“O Senhor apareceu a Salomão durante a noite e lhe disse: “Pede-me o que queres que eu te dê!” (1Re 3,5). Que bela oportunidade o jovem rei tinha diante de si! Poderia pedir uma vida longa, muita riqueza ou mesmo a morte de seus inimigos. Deixou, contudo, tudo isso de lado, fez uma bela oração e pediu: “Dá a teu servo um coração que saiba perceber a verdade, para julgar o teu povo e discernir entre o bem e o mal. Pois quem poderia governar este teu povo tão numeroso?” (v. 9). O pedido de Salomão agradou tanto a Deus que não só foi atendido, mas até elogiado. Tendo desejado inteligência para praticar a justiça, recebeu mais: “um coração tão sábio e inteligente, como nunca houve outro igual” antes ou depois dele (cf. v. 12). A riqueza e a glória lhe foram dadas por acréscimo; e a promessa de uma vida longa ficou condicionada a levar uma vida reta.
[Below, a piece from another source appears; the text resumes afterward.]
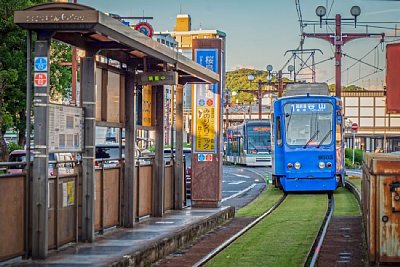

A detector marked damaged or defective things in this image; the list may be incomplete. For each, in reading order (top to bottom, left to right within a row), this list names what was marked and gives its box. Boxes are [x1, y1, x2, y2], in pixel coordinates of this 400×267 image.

rusty metal structure [362, 153, 400, 266]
Pouco tempo depois, Salomão viu-se diante de um delicado problema: duas prostitutas apresentaram-se diante dele. Uma delas lhe disse: “Com licença, Majestade! Eu e esta mulher estamos morando na mesma casa; eu tive um filho enquanto ela estava em casa. Três dias depois de eu ter dado à luz, também esta mulher teve um filho. Estávamos só nós duas. Não havia nenhum estranho conosco na casa, além de nós duas. Ora, morreu o filho desta mulher durante a noite, pois ela se tinha deitado sobre ele. Aí ela se levantou de noite, enquanto esta tua criada estava dormindo, tirou o meu filho de junto de mim e o colocou no seio dela, e o filho dela que estava morto o pôs no meu seio. De manhã, quando me levantei para amamentar o meu filho, vi com surpresa que estava morto; mas quando o examinei mais de perto, reparei que não era o filho que eu tinha dado à luz.” A outra mulher contestou: “Não é verdade! É meu filho que está vivo, e o teu é que está morto!” Mas a primeira replicou: “Mentira! Teu filho está morto e é o meu que está vivo!” Desta maneira elas discutiam diante do rei.” (1Re 3,17-22)
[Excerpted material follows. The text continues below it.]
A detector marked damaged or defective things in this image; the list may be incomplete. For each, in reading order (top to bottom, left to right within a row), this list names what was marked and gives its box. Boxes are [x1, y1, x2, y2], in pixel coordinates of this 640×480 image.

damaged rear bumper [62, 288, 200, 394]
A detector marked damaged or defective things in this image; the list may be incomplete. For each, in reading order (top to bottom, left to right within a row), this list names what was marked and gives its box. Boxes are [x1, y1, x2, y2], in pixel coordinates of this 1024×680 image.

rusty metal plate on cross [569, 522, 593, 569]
Cabia ao rei Salomão pronunciar uma sentença, que não teria apelações. Os elementos que tinha para seu julgamento não o ajudavam muito: contava apenas com as afirmações das duas mães – e afirmações contrárias. Somente uma delas estava dizendo a verdade, mas qual? Era grande o perigo de enganar-se e cometer uma injustiça. Numa intuição marcada pela sabedoria, disse: “Trazei-me uma espada!” (v. 24). E completou: “Cortai em dois pedaços a criança viva e dai uma metade a uma e a outra metade à outra” (v. 25). Nessa hora, a reação de cada uma das mulheres foi esclarecedora. A mãe do filho vivo, movida pelo amor materno, falou ao rei: “Por favor, meu senhor, dai a ela a criança viva, e não a mateis”. A outra, porém, fez uma observação marcada pela frieza: “Não seja nem para mim nem para ela: cortai-a em dois pedaços” (v. 26). Para o rei, não havia mais dúvidas sobre a decisão a ser tomada. Apontando em direção da primeira mulher, disse: “Dai o menino vivo a essa mulher; não o mateis, pois é ela a sua mãe” (v. 27). O povo foi tomado, então, de grande admiração pela decisão de Salomão e passou a respeitá-lo, pois viu que era um rei sábio.
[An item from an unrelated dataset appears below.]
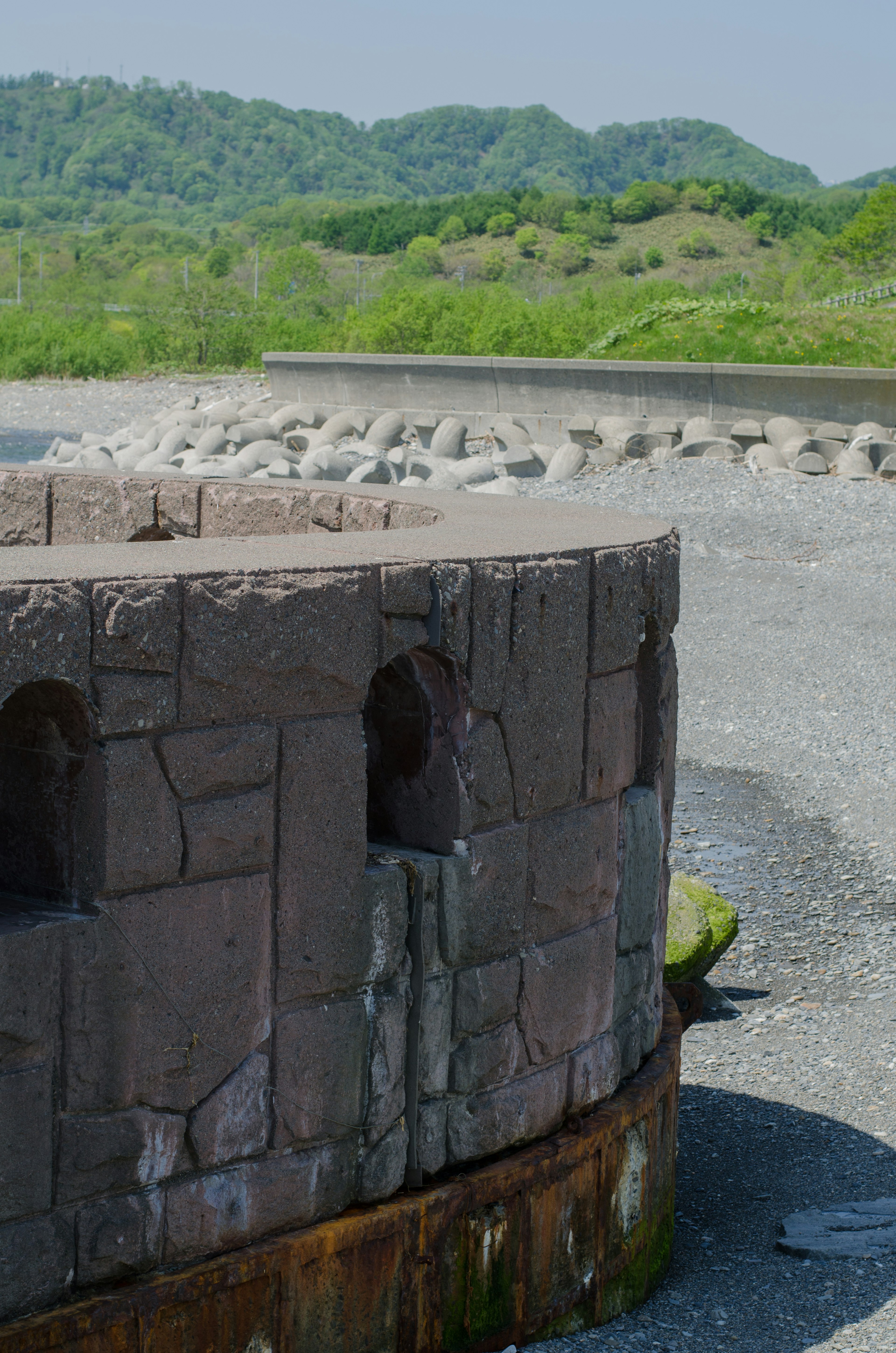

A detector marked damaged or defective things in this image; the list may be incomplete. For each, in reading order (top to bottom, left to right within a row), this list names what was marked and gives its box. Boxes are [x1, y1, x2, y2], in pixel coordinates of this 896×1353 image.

rusty metal band at base [0, 996, 685, 1353]
rust stain on metal [0, 996, 685, 1353]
Esta belíssima página da Bíblia tem importante ensinamento para os que, na sociedade, ocupam cargos ou funções que os colocam em situações semelhantes à vivida por Salomão. São políticos ou empresários, diretores de escolas ou juizes, industriais ou líderes, pais ou mães de família que precisam tomar decisões e, não poucas vezes, sentem-se divididos interiormente. Sabem que, se tomarem uma decisão errada, poderão causar sofrimento a muitos. No entanto, são poucos os elementos que têm à disposição para um julgamento imparcial. É nessa hora que precisam pedir a Deus o dom da sabedoria – um dom, por sinal, que deveria ser pedido sempre, diariamente, já que qualquer decisão precisa ser sábia e, portanto, justa. Poderão fazer sua a oração de Salomão (1º Livro dos Reis 3,6-9); poderão, também, repetir a oração que se encontra no Livro da Sabedoria, capítulo nove. Ambas agradam muito o Senhor, porque o mesmo Espírito Santo que as inspirou é que estará rezando estas preces em seus corações.